Traduction de Serge Niémetz

Juif de cour

Bien des choses ont été dites sur ce roman des années vingt, et il vient à l’esprit aux seuls mots de «juif Süss» la propagande nazie qui s’est servie du livre pour sa démonstration en détournant totalement la pensée de Lion Feuchtwanger. Cette iniquité et le film de Goebbels ont occulté les qualités du roman et son autre discours.

Il s’agit d’une fresque qui se déroule dans l’Allemagne du XVIIIe siècle, avec la truculence de l’époque et sa dureté. Josef Süss Oppenheimer, un financier brillant et arriviste, croit, contrairement à tous, en la carrière du prince Karl Alexander. Il le soutient et le conseille habilement, et quand le duché de Würtemberg échoit au prince, celui-ci garde Süss et s’appuie sur lui pour commander. Le génie de Süss se déploie alors, ainsi que sa folie des grandeurs et son goût du pouvoir, qui ne sont pas appréciés par tous. Les ennemis sont nombreux, qui font l’amalgame du personnage et de la judaïté, à tel point que Süss devra choisir entre sa religion ou la mort.

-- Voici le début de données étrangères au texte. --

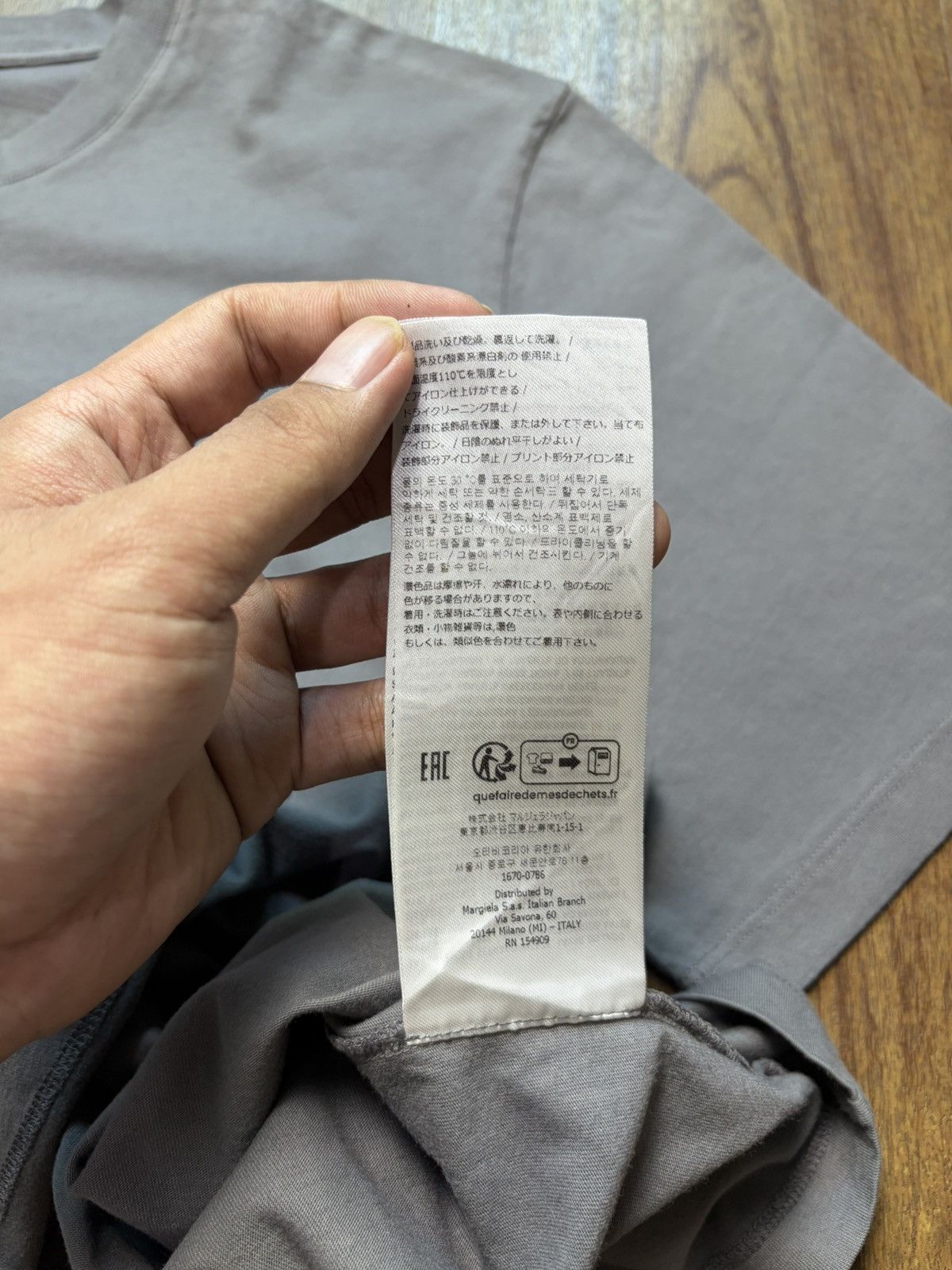 Maison Margiela FREE TAX! Maison Margiela Four Stitch Basic Tee Size US L / EU 52-54 / 3 - 9 Thumbnail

On trouve là, outre un roman plein de situations à rebondissements, une véritable étude de l’histoire des Juifs, de leur statut, de leur évolution, du regard de la société sur eux, de leur religion. Feuchtwanger connaît leurs coutumes, leurs livres saints et les explique avec clarté ; il connaît aussi les caractéristiques de leurs comportements et démonte le mécanisme qui engendre la méfiance voire la haine à leur égard. Dans ce Würtemberg déchiré entre catholiques et protestants et peuplé de nombreux Juifs, le vaste sujet des guerres de religion est bien abordé. Sont bien traités aussi le fonctionnement du pouvoir, les manigances de la vie de cour, la vie diplomatique rouée, la toute puissance de la finance et du maniement d’argent, seul domaine laissé aux Juifs parce que considéré comme non noble. Le tout dans un style foisonnant, rabelaisien, d’une grande clarté malgré l’abondance des personnages, avec un luxe de détails parfois redondants mais rendant vivants les gens et les situations.

La traduction de Serge Niémetz est intéressante puisqu’il a eu accès à l’intégralité de l’œuvre, ce qui n’avait pas été le cas précédemment ; le style particulier de Lion Feuchtwanger doublé du langage plus contemporain du traducteur ne peut que donner un second souffle à cette œuvre injustement connue.